Since the hash codes are actually distributed on the vertices of an $L$ -dimensional cube, clustering for hash codes may not be convex. Thus, justifiably exploiting simple clustering methods on hash codes may not be reasonable. For that matter, we use the codes to generate a graph and exploit spectral clustering[39] on it. Spectral clustering is a class of clustering algorithms working on an undirected graph. It divides the vertices into a given number of clusters by cutting the edges between them. There are different methods of graph cutting, such as Radio Cut[40] and Normalized Cut[41] In this research, the Normalized Cut method is chosen, which aims to minimize the following loss function:

\begin{split}&\mathcal{L}_{NCut}(G_{1},G_{2},...,G_{k})=\frac{1}{2}\sum_{i=1}^{k}\frac{W(G_{i},\overline{G_{i}})}{vol(G_{i})},\\ s.t.\quad&\cup_{i=1}^{k}G_{i}=G,\\ &G_{i}\cap G_{j}=\emptyset,\end{split}

(6)

where $G_{1},G_{2},...,G_{k}$ are sub-graphs, $vol(\cdot)$ represents the number of vertices, and $W(G_{i},\overline{G_{i}})$ is the sum of edge weights connecting the sub-graph $G_{i}$ and its complementary sub-graph $\overline{G_{i}}$ . This graph cutting can be solved by matrix analysis method, which is detailed in [41]. Note that the feasibility of spectral clustering is also enabled by the superiority of hash codes because calculating an adjacent matrix between millions of HD samples is time-consuming, while it is much easier when processing much fewer binary hash codes.

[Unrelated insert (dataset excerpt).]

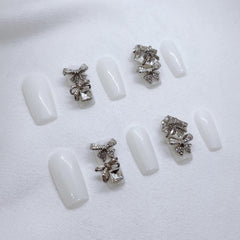 FURNUNUBI 3D jeweled nails design featuring sparkling detailing for party-ready hands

In the hash code clustering, the undirected graph $G$ is generated by the hash codes and their degree. The vertices of $G$ denote the hash codes. The weights of edges between codes are calculated by their hamming distances and the degrees of codes as follows:

w_{(b_{i},b_{j})}=\frac{d_{b_{i}}\times{d_{b_{j}}}}{hamming(b_{i},b_{j})}.

(7)

The weight of an edge represents how strongly two vertices are connected, i.e., how possible these two vertices are in the same cluster. Thus, besides the reciprocal of hamming distance, the degrees of hash codes are also considered to generate the graph. The later graph cutting tries to cut the edges with low weights, and this is the same with density-based clustering methods, which partition clusters by low-density regions. Therefore, the input adjacent matrix for spectral clustering consists of the weights in (7):

\textbf{W}_{ij}=w_{(b_{i},b_{j})}.

(8)

Algorithm 1 Hashing-based Distributed clustering

0: Dataset

\mathcal{X}

, class number

k

, number of iterations

N

, network structure

\Psi

0: Clustering result

{(c_{1},c_{2},...,c_{k})}

1: Randomly initialize parameters

\Theta_{0}

2: while

n\leq N

3: Broadcast

\Theta_{n}

to sub-sites.

4: Local hashing network training with selected samples.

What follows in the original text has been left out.